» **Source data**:
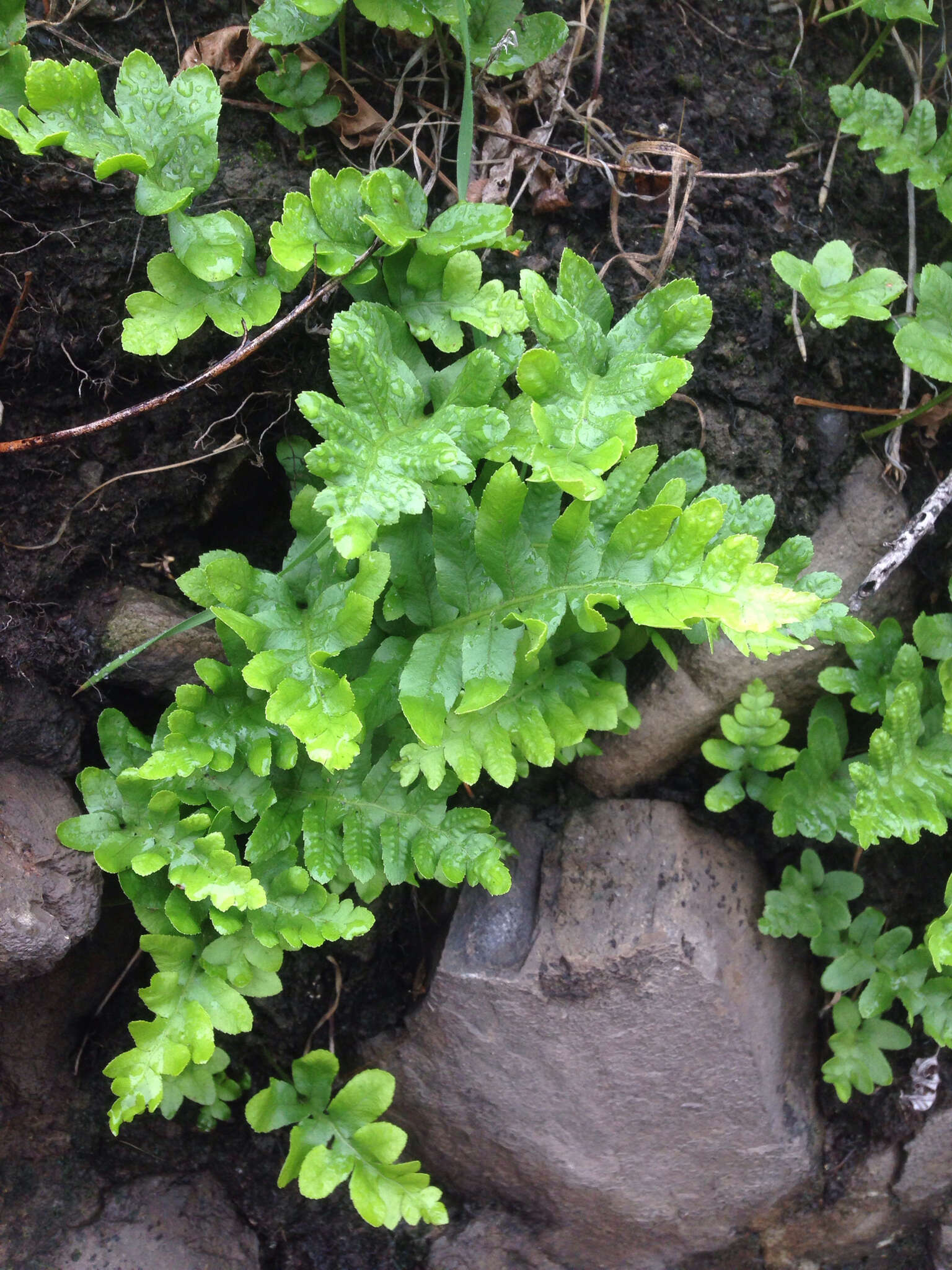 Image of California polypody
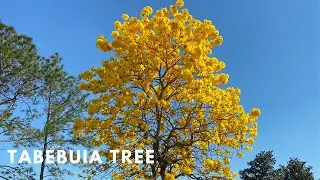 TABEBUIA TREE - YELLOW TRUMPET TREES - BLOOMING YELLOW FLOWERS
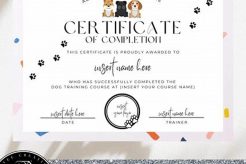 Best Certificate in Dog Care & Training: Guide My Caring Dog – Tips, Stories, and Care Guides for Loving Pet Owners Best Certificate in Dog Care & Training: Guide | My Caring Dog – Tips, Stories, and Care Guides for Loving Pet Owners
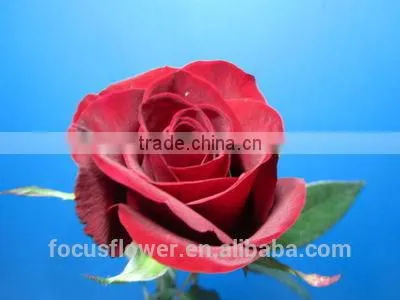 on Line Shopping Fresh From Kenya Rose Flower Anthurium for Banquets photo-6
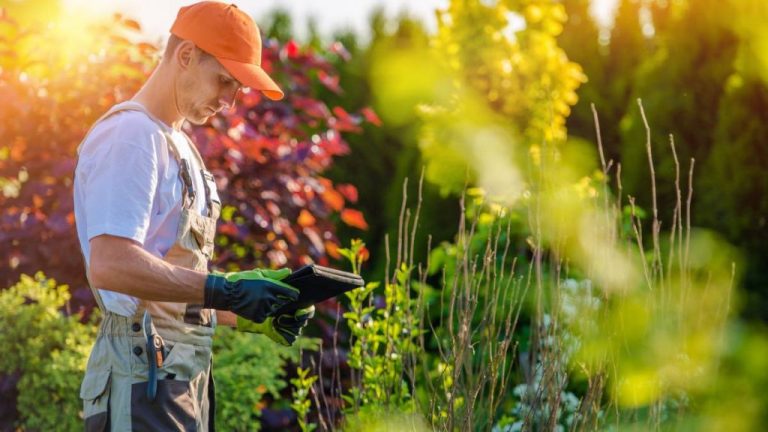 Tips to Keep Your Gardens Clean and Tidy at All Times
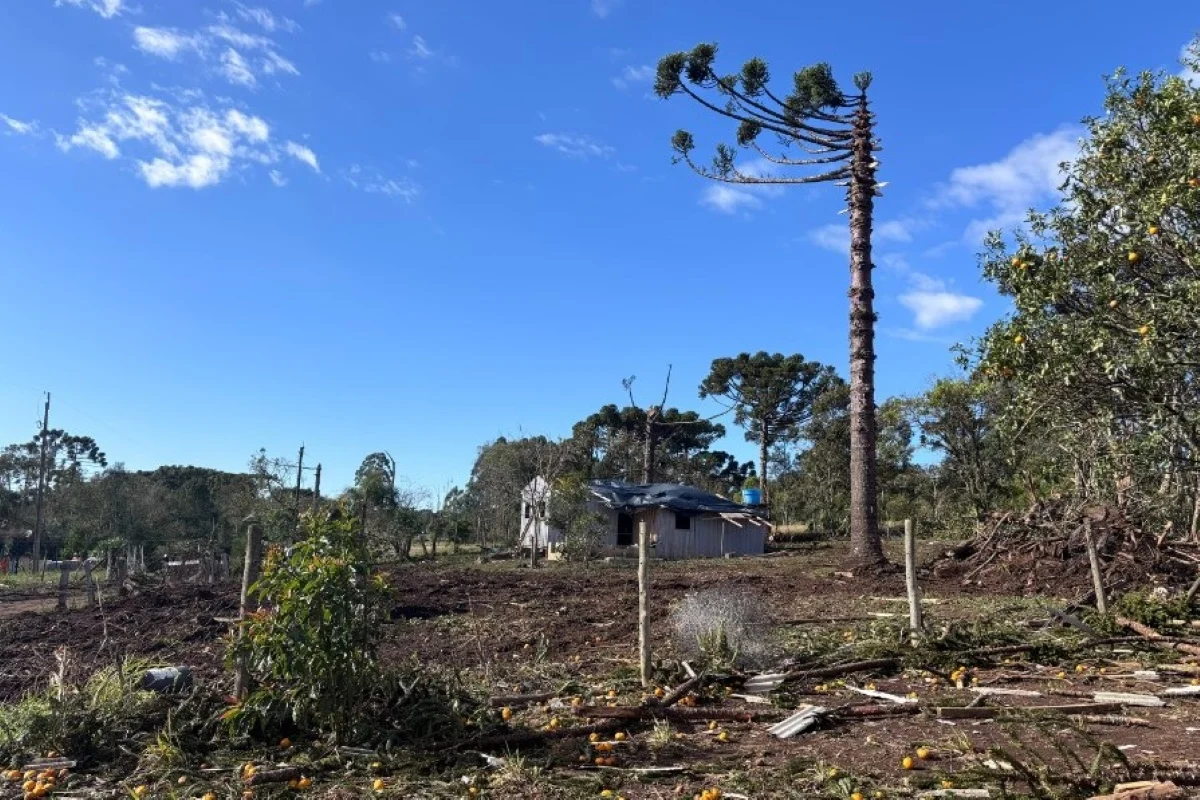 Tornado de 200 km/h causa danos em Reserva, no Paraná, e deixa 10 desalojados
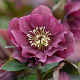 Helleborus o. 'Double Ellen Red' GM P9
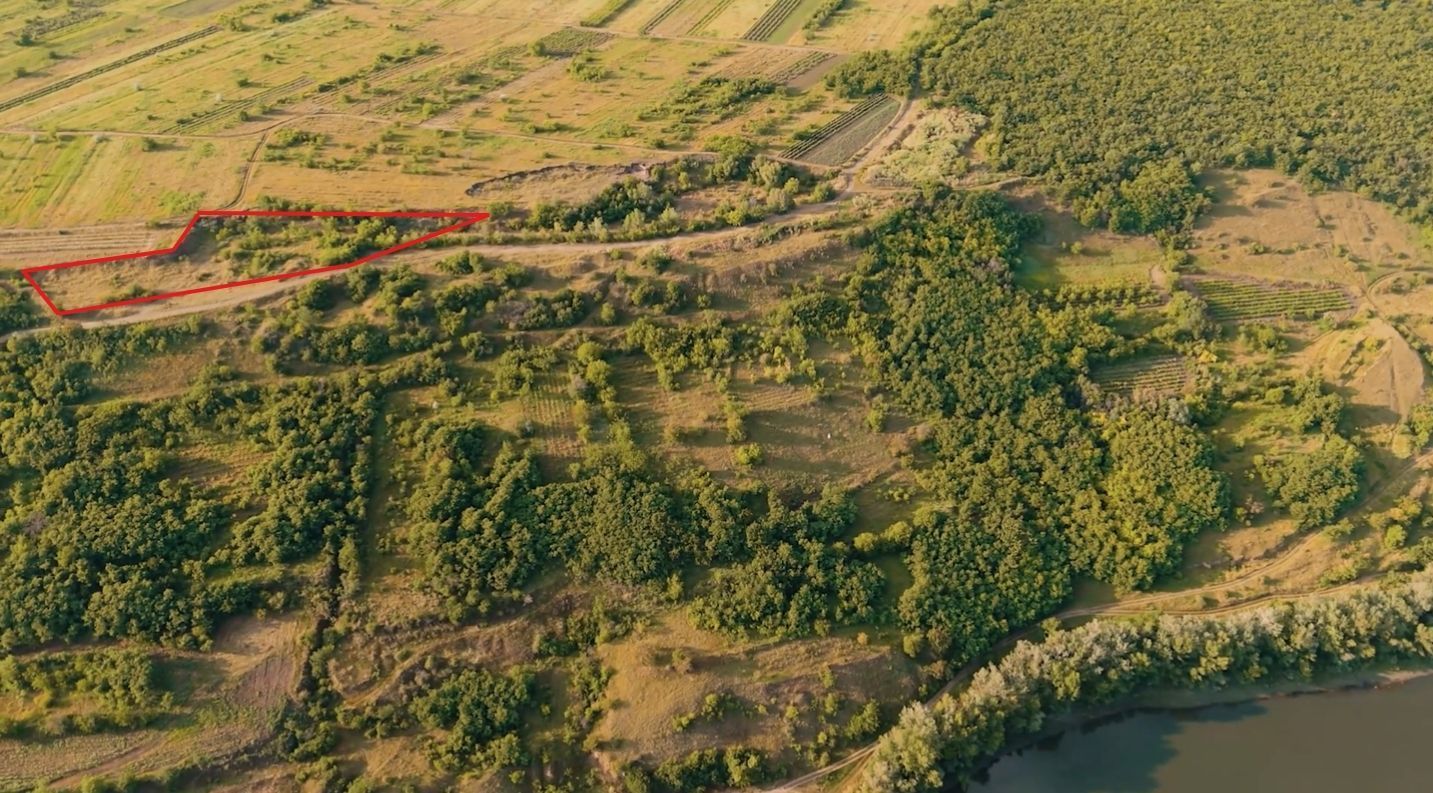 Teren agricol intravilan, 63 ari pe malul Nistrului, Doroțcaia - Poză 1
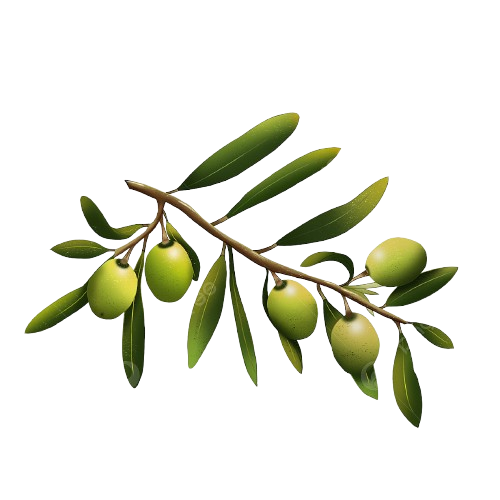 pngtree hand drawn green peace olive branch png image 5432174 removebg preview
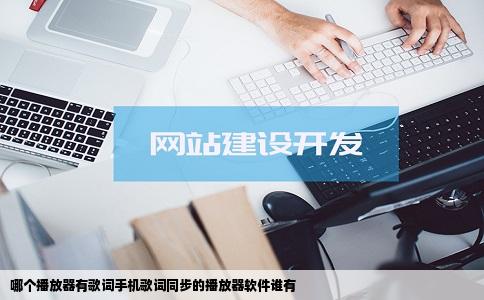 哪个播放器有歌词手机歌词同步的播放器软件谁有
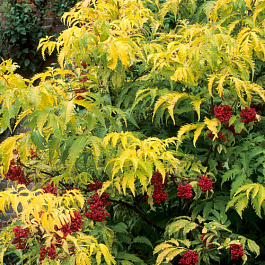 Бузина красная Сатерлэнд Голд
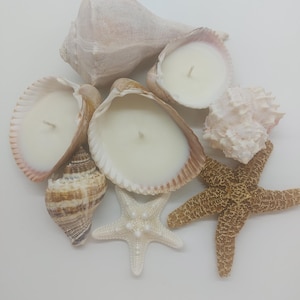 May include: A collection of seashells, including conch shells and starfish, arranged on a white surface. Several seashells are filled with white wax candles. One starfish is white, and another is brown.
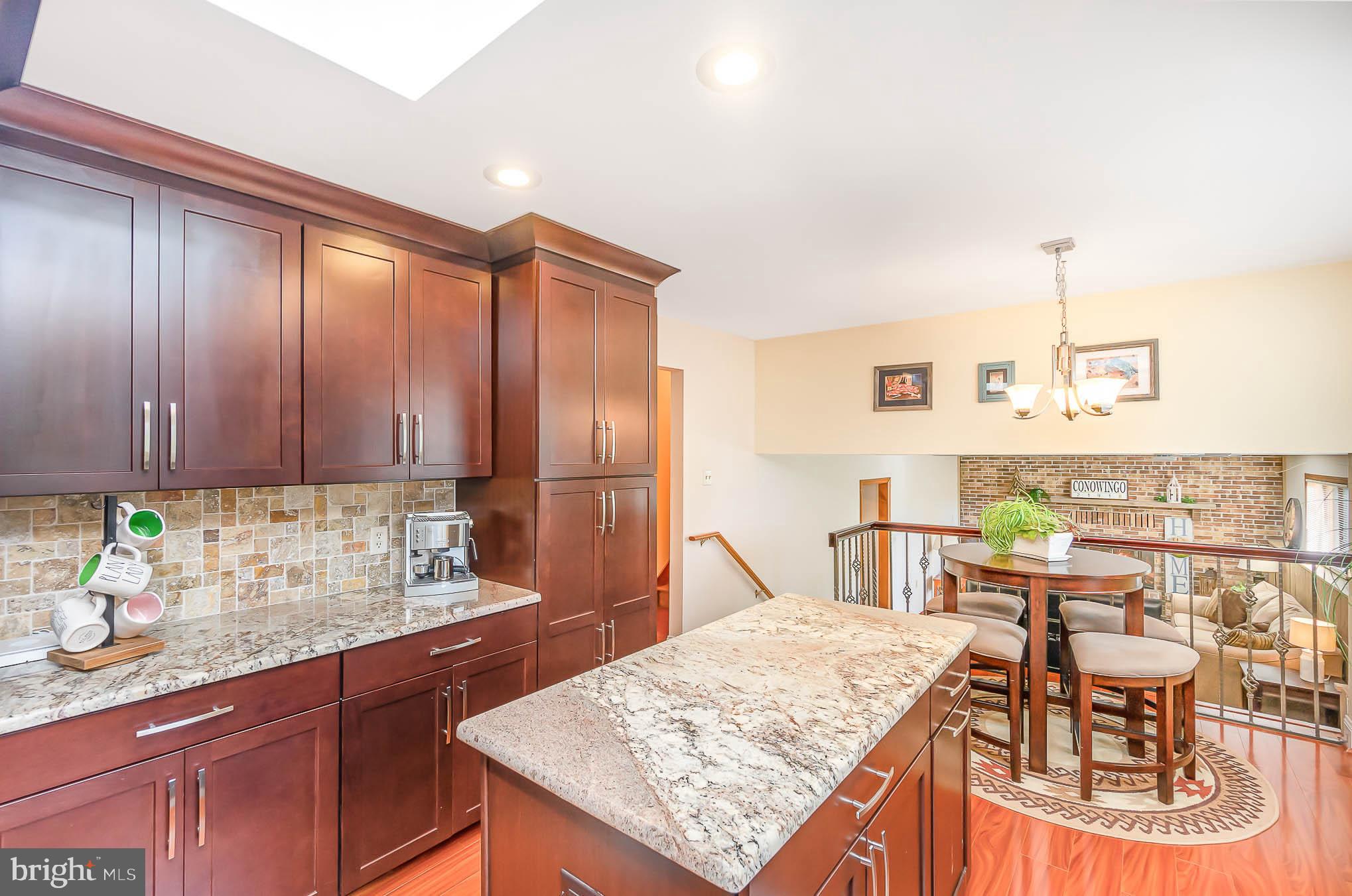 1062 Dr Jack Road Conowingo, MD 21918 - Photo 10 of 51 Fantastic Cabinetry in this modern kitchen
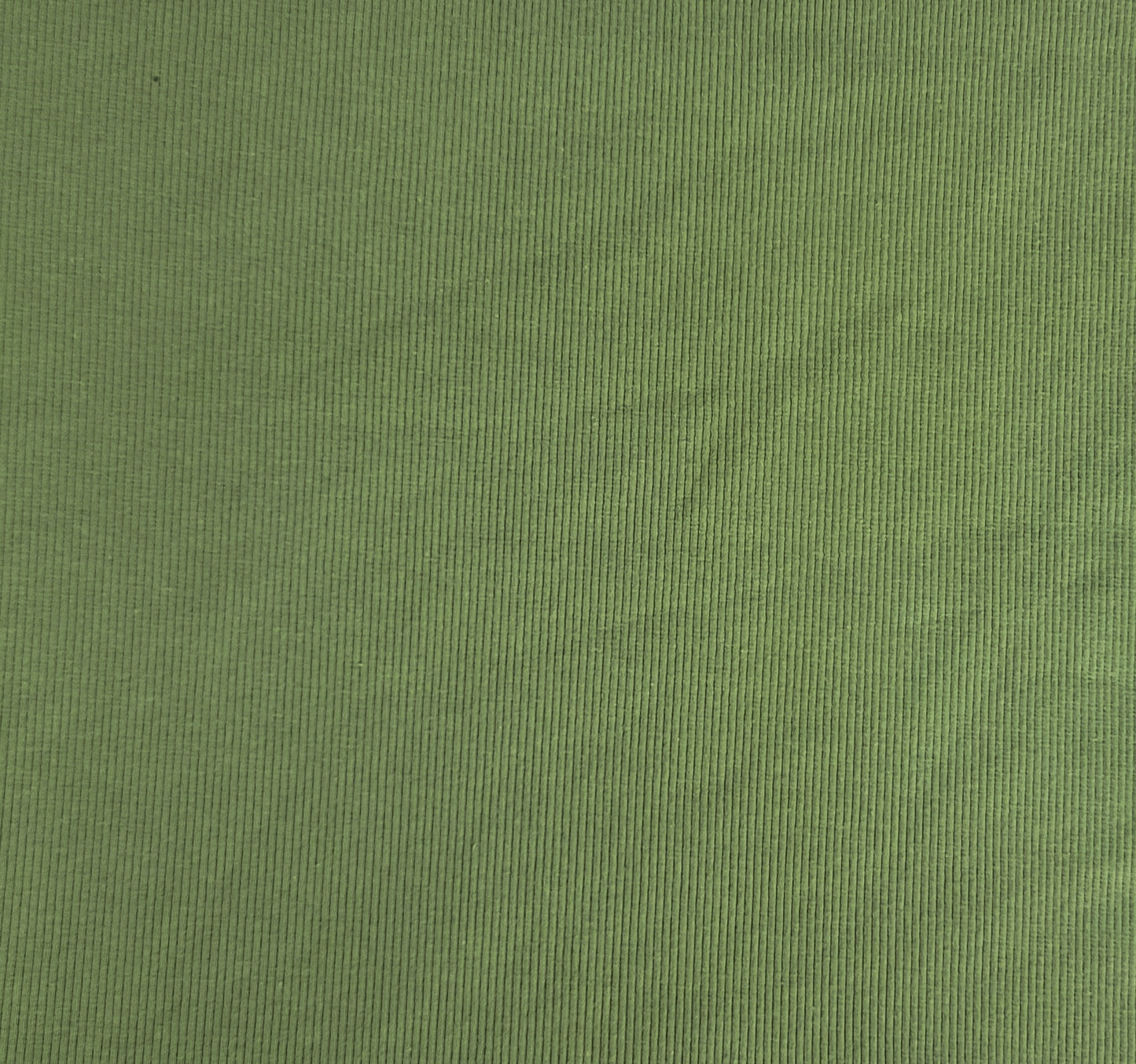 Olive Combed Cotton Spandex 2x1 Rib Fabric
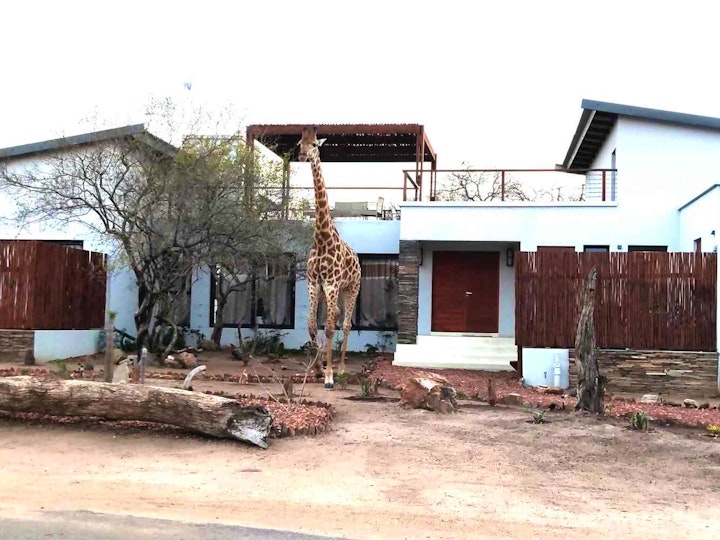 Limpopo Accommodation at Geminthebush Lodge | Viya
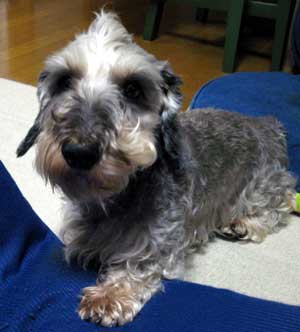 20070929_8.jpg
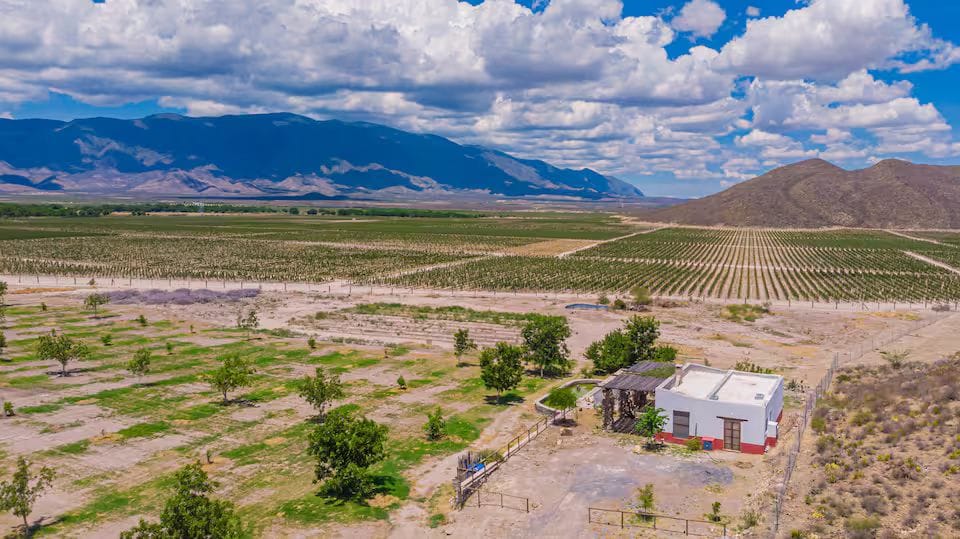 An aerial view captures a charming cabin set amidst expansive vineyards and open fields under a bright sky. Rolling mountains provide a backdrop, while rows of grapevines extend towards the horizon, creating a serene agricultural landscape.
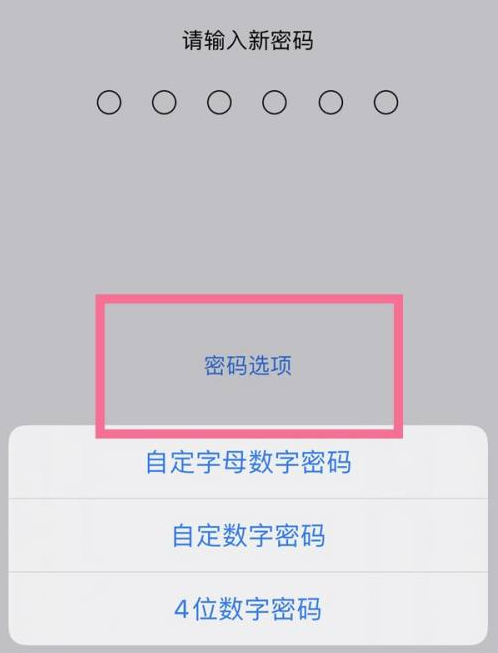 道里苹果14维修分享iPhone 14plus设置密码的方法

» **TASK ITEM**:
Return exactly the lines above, from the one with "Best Certificate in Dog Care & Training: Guide My" up to and including the one with "20070929_8.jpg", and include no pictures.

» **TASK OUTPUT**:
 Best Certificate in Dog Care & Training: Guide My Caring Dog – Tips, Stories, and Care Guides for Loving Pet Owners Best Certificate in Dog Care & Training: Guide | My Caring Dog – Tips, Stories, and Care Guides for Loving Pet Owners
 on Line Shopping Fresh From Kenya Rose Flower Anthurium for Banquets photo-6
 Tips to Keep Your Gardens Clean and Tidy at All Times
 Tornado de 200 km/h causa danos em Reserva, no Paraná, e deixa 10 desalojados
 Helleborus o. 'Double Ellen Red' GM P9
 Teren agricol intravilan, 63 ari pe malul Nistrului, Doroțcaia - Poză 1
 pngtree hand drawn green peace olive branch png image 5432174 removebg preview
 哪个播放器有歌词手机歌词同步的播放器软件谁有
 Бузина красная Сатерлэнд Голд
 May include: A collection of seashells, including conch shells and starfish, arranged on a white surface. Several seashells are filled with white wax candles. One starfish is white, and another is brown.
 1062 Dr Jack Road Conowingo, MD 21918 - Photo 10 of 51 Fantastic Cabinetry in this modern kitchen
 Olive Combed Cotton Spandex 2x1 Rib Fabric
 Limpopo Accommodation at Geminthebush Lodge | Viya
 20070929_8.jpg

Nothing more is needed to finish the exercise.